In a further stage of development, in June–July 1944, because of ‘difficulties with existing prototypes’, the airframes of two early Fw 190A-8s were reconfigured under the suffix D-9 (‘D’ being given the moniker ‘Dora’) – a designation that seems to have first been used in a Focke-Wulf drawing dating from January 1944. These aircraft were to be made available ‘immediately’ at Adelheide under the prototype numbers V53 and V54. The Fw 190A-8 variant was by far the most numerous and most potent Focke-Wulf heavy fighter to be built, and it became the Luftwaffe’s main close-range interceptor for operations against USAAF heavy bombers throughout 1944–45.
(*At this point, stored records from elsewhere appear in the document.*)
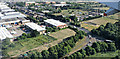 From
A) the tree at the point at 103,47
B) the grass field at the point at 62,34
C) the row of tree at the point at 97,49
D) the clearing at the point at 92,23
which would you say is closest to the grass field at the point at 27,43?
the grass field at the point at 62,34

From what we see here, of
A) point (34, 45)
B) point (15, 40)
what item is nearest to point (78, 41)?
point (34, 45)

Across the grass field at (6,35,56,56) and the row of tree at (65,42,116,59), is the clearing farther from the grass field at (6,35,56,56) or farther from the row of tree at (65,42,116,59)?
the grass field at (6,35,56,56)

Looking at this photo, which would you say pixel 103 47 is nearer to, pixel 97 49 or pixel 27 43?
pixel 97 49

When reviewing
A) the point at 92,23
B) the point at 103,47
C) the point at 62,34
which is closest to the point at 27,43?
the point at 62,34

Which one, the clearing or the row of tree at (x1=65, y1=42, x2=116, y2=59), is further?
the clearing

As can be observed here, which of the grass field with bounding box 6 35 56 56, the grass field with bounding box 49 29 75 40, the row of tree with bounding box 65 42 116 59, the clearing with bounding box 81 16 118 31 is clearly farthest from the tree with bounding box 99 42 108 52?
the clearing with bounding box 81 16 118 31

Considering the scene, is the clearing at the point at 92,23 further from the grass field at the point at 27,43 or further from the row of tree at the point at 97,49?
the grass field at the point at 27,43

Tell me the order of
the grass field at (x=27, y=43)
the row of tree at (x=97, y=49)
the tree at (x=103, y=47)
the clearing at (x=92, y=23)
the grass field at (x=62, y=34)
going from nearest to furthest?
the row of tree at (x=97, y=49) < the tree at (x=103, y=47) < the grass field at (x=27, y=43) < the grass field at (x=62, y=34) < the clearing at (x=92, y=23)

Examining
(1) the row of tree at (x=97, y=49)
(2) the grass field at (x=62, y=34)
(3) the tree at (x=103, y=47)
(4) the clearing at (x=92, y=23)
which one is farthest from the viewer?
(4) the clearing at (x=92, y=23) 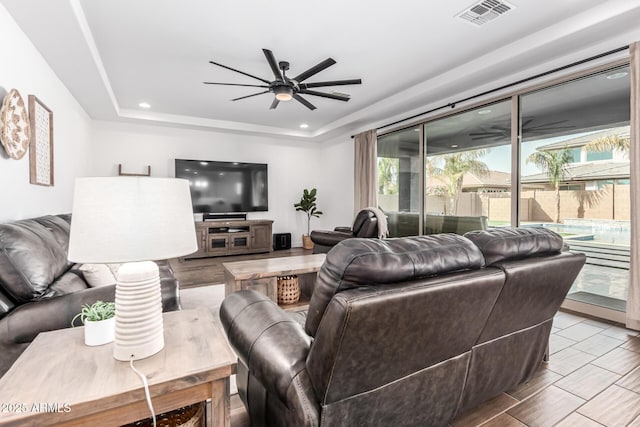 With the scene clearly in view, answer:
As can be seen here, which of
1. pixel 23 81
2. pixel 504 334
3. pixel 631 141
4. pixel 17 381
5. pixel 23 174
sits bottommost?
pixel 504 334

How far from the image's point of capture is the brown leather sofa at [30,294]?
133cm

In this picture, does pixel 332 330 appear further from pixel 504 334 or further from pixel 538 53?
pixel 538 53

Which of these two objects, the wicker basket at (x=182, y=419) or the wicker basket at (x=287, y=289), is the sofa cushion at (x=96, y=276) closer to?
the wicker basket at (x=182, y=419)

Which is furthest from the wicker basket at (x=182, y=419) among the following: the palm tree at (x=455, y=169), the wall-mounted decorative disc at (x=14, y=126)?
the palm tree at (x=455, y=169)

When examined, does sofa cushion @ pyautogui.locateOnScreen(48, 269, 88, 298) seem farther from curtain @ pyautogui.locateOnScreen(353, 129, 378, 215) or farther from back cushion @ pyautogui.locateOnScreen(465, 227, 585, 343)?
curtain @ pyautogui.locateOnScreen(353, 129, 378, 215)

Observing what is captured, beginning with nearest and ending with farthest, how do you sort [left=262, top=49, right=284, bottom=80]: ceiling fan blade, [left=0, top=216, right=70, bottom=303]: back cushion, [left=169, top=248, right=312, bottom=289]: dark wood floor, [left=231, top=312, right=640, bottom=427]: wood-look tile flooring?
[left=0, top=216, right=70, bottom=303]: back cushion, [left=231, top=312, right=640, bottom=427]: wood-look tile flooring, [left=262, top=49, right=284, bottom=80]: ceiling fan blade, [left=169, top=248, right=312, bottom=289]: dark wood floor

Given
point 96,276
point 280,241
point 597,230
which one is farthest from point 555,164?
point 280,241

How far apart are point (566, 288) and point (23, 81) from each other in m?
3.91

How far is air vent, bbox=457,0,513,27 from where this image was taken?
7.80ft

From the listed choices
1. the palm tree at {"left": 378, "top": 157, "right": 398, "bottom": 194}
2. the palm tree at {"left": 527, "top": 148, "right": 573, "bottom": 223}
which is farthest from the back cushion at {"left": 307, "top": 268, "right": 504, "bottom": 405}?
the palm tree at {"left": 378, "top": 157, "right": 398, "bottom": 194}

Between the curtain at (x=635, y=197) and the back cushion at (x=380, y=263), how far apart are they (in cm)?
241

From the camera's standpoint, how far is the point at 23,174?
2.41 metres

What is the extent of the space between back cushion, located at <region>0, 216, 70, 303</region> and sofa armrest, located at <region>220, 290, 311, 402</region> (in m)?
0.93

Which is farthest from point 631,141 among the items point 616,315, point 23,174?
point 23,174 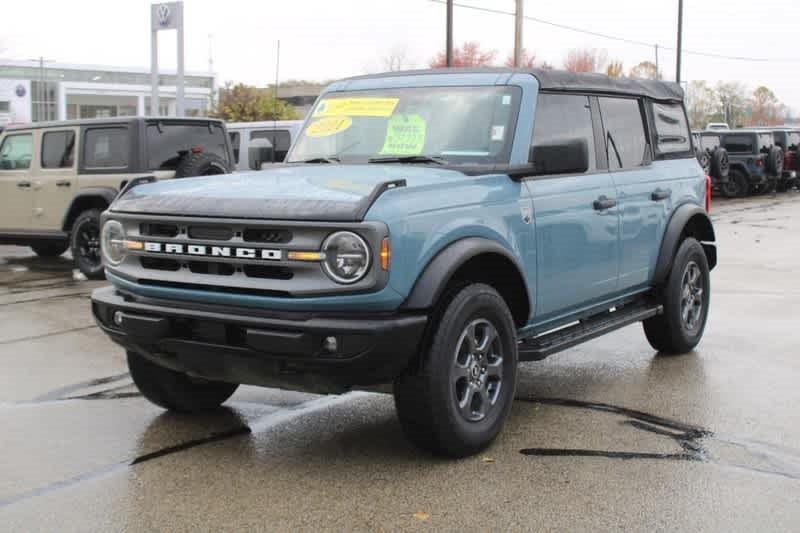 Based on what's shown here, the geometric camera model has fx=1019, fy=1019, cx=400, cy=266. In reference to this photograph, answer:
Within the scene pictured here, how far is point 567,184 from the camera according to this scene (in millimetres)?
5809

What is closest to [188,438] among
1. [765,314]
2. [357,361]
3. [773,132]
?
[357,361]

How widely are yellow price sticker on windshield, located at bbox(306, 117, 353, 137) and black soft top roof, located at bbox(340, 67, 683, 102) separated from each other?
0.43 meters

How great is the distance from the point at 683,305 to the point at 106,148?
291 inches

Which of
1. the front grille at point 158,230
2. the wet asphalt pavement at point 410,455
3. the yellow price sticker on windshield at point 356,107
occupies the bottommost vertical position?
the wet asphalt pavement at point 410,455

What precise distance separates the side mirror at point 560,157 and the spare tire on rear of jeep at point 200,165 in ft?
21.8

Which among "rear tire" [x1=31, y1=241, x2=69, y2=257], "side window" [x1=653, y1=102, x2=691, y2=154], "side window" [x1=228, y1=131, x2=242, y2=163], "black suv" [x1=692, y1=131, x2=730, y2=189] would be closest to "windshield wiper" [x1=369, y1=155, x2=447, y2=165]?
"side window" [x1=653, y1=102, x2=691, y2=154]

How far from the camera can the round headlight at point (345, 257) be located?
4.39m

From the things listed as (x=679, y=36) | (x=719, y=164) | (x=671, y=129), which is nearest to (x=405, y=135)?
(x=671, y=129)

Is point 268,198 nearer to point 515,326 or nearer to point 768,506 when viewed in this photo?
point 515,326

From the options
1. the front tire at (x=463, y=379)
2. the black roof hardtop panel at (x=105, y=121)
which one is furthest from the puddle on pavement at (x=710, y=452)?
the black roof hardtop panel at (x=105, y=121)

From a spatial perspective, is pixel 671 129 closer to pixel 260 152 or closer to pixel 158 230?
pixel 260 152

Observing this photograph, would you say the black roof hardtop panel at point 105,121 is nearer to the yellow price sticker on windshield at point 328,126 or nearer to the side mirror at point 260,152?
the side mirror at point 260,152

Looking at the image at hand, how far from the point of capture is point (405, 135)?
580cm

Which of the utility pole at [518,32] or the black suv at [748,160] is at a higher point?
the utility pole at [518,32] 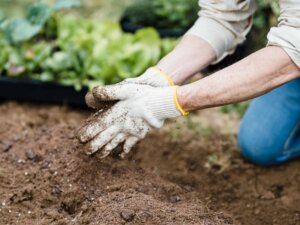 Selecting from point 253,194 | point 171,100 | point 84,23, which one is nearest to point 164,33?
point 84,23

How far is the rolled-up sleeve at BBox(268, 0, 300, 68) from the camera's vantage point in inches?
67.9

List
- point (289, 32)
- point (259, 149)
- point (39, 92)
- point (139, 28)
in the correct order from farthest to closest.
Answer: point (139, 28)
point (39, 92)
point (259, 149)
point (289, 32)

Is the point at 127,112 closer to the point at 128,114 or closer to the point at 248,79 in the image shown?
the point at 128,114

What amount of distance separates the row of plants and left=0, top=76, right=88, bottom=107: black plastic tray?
36 mm

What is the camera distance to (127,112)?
193 centimetres

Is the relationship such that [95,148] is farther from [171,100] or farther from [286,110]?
[286,110]

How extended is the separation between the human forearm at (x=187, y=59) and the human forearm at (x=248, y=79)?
0.29 meters

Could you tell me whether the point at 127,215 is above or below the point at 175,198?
above

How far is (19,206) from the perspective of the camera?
1961 mm

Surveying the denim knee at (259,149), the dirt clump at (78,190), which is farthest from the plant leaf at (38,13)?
the denim knee at (259,149)

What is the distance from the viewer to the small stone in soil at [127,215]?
1809 millimetres

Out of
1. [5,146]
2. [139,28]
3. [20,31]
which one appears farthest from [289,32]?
[139,28]

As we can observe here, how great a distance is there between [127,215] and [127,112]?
0.34 m

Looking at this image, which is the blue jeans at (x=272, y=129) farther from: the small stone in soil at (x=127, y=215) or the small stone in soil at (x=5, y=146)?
the small stone in soil at (x=5, y=146) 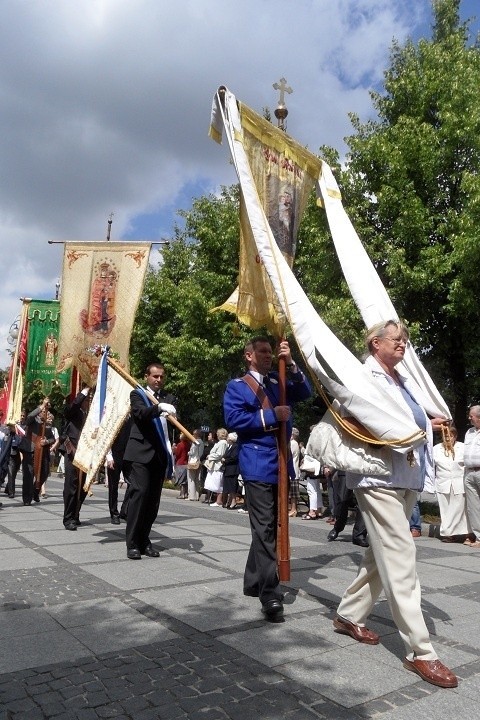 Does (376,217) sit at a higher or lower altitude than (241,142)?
higher

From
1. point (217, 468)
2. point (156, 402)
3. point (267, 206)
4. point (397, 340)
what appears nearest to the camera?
point (397, 340)

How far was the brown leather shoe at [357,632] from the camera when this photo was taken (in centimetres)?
404

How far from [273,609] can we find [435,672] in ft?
4.14

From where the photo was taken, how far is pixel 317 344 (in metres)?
4.27

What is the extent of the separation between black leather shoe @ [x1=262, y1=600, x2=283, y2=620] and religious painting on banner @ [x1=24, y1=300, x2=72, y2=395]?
30.2ft

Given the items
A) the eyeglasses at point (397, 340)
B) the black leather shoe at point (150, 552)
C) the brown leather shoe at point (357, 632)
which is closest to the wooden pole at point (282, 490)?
the brown leather shoe at point (357, 632)

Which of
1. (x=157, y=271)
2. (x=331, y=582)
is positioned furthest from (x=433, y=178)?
(x=157, y=271)

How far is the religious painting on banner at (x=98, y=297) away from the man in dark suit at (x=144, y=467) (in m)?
2.04

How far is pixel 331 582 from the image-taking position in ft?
19.4

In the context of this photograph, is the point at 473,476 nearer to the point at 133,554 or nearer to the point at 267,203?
the point at 133,554

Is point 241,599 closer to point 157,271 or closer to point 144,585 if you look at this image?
point 144,585

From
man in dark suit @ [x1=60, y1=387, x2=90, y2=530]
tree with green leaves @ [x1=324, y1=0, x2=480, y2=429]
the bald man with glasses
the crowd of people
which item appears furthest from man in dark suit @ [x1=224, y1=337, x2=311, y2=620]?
tree with green leaves @ [x1=324, y1=0, x2=480, y2=429]

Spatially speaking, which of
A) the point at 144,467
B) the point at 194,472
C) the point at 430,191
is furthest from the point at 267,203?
the point at 430,191

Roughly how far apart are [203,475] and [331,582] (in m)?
12.1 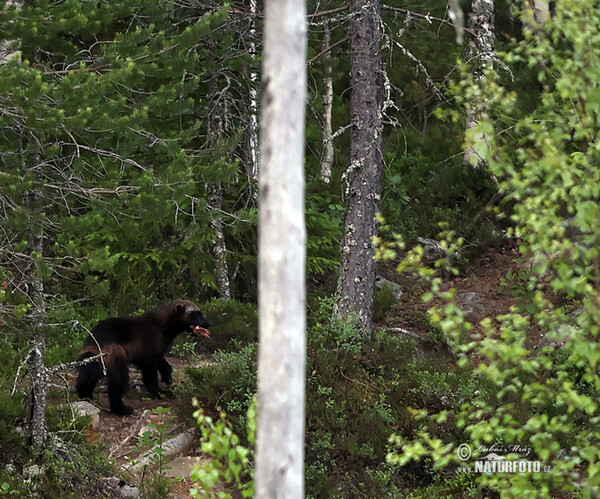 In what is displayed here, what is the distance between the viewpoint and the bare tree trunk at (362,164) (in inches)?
504

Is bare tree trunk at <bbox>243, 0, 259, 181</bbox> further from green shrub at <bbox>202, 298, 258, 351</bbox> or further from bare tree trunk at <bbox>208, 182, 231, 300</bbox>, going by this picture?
green shrub at <bbox>202, 298, 258, 351</bbox>

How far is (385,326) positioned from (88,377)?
5.86 metres

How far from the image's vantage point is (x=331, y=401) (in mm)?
11383

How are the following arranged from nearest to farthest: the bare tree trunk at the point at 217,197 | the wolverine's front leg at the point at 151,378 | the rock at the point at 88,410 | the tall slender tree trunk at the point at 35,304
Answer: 1. the tall slender tree trunk at the point at 35,304
2. the rock at the point at 88,410
3. the wolverine's front leg at the point at 151,378
4. the bare tree trunk at the point at 217,197

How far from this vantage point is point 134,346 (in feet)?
38.0

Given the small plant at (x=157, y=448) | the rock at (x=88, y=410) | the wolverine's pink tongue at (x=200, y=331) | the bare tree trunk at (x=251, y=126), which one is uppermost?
the bare tree trunk at (x=251, y=126)

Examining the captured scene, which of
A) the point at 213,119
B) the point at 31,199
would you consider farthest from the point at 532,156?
the point at 213,119

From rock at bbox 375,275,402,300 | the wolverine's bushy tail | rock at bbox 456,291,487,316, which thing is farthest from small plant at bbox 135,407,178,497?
rock at bbox 456,291,487,316

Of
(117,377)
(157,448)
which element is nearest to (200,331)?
(117,377)

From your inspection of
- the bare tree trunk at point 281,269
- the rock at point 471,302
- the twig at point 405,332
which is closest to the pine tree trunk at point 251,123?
the twig at point 405,332

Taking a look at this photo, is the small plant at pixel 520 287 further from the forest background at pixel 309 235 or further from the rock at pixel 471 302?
the rock at pixel 471 302

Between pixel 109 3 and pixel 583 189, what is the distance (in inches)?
284

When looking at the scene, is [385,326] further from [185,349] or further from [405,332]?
[185,349]

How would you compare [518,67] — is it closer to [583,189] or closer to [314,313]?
[314,313] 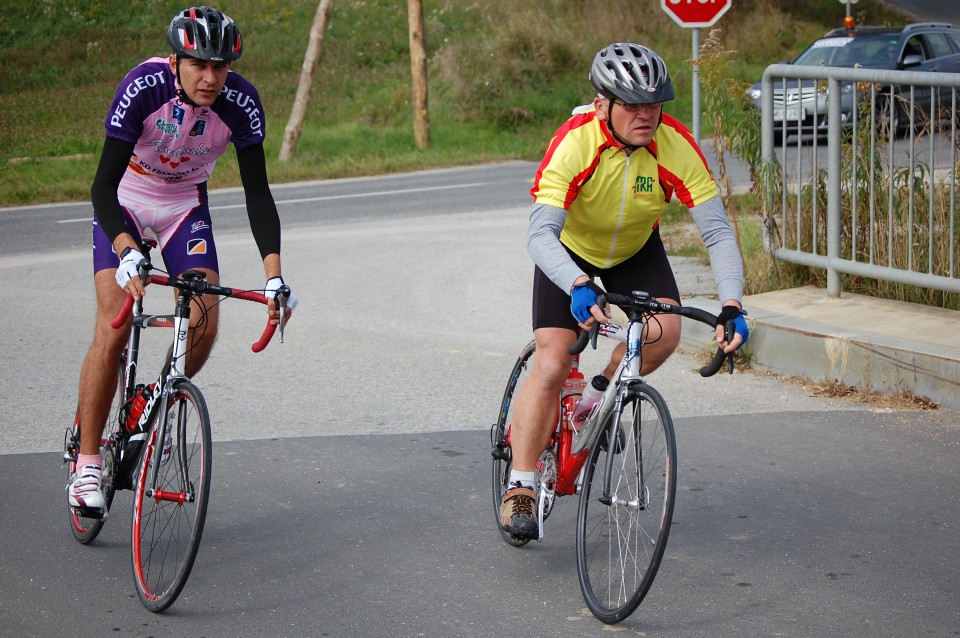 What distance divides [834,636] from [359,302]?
6388 mm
The January 1944 drawing incorporated an extended fuselage and tail assembly, along with strengthening of the forward fuselage and wing centre section and provision for a Jumo 213A engine.

The first to be converted was Wk-Nr. 170003, the third A-8 to be built, which became V53 (coded DU+JC) in the D-9 programme. However, this prototype was fitted with a Jumo 213C at the Focke-Wulf plant at Sorau, in Silesia. Essentially an A-model Jumo engine with rearranged secondary equipment (such as supercharger and oil pump), it was capable of, and designed from the outset for, the fitment of a centreline cannon firing through an opening for a blast tube in the propeller hub. This had the advantage of a gun being more along a pilot’s line of sight, as well as offering less impact on speed and manoeuvrability. A disadvantage, however, was the recoil associated with a centrally-mounted weapon and the impact it had on the engine, leading to potential mechanical problems and possible damage.

When the aircraft made its first flight on 12 June 1944, it retained the original A-8 wing armament comprising four 20mm MG 151/20E cannon and a pair of 13mm MG 131 machine guns mounted over the engine. Testing of V53 was rigorous, with no fewer than 100 flights being made before it was eventually reassigned as an armaments test aircraft for the new Ta 152B-5, at which point it became V68.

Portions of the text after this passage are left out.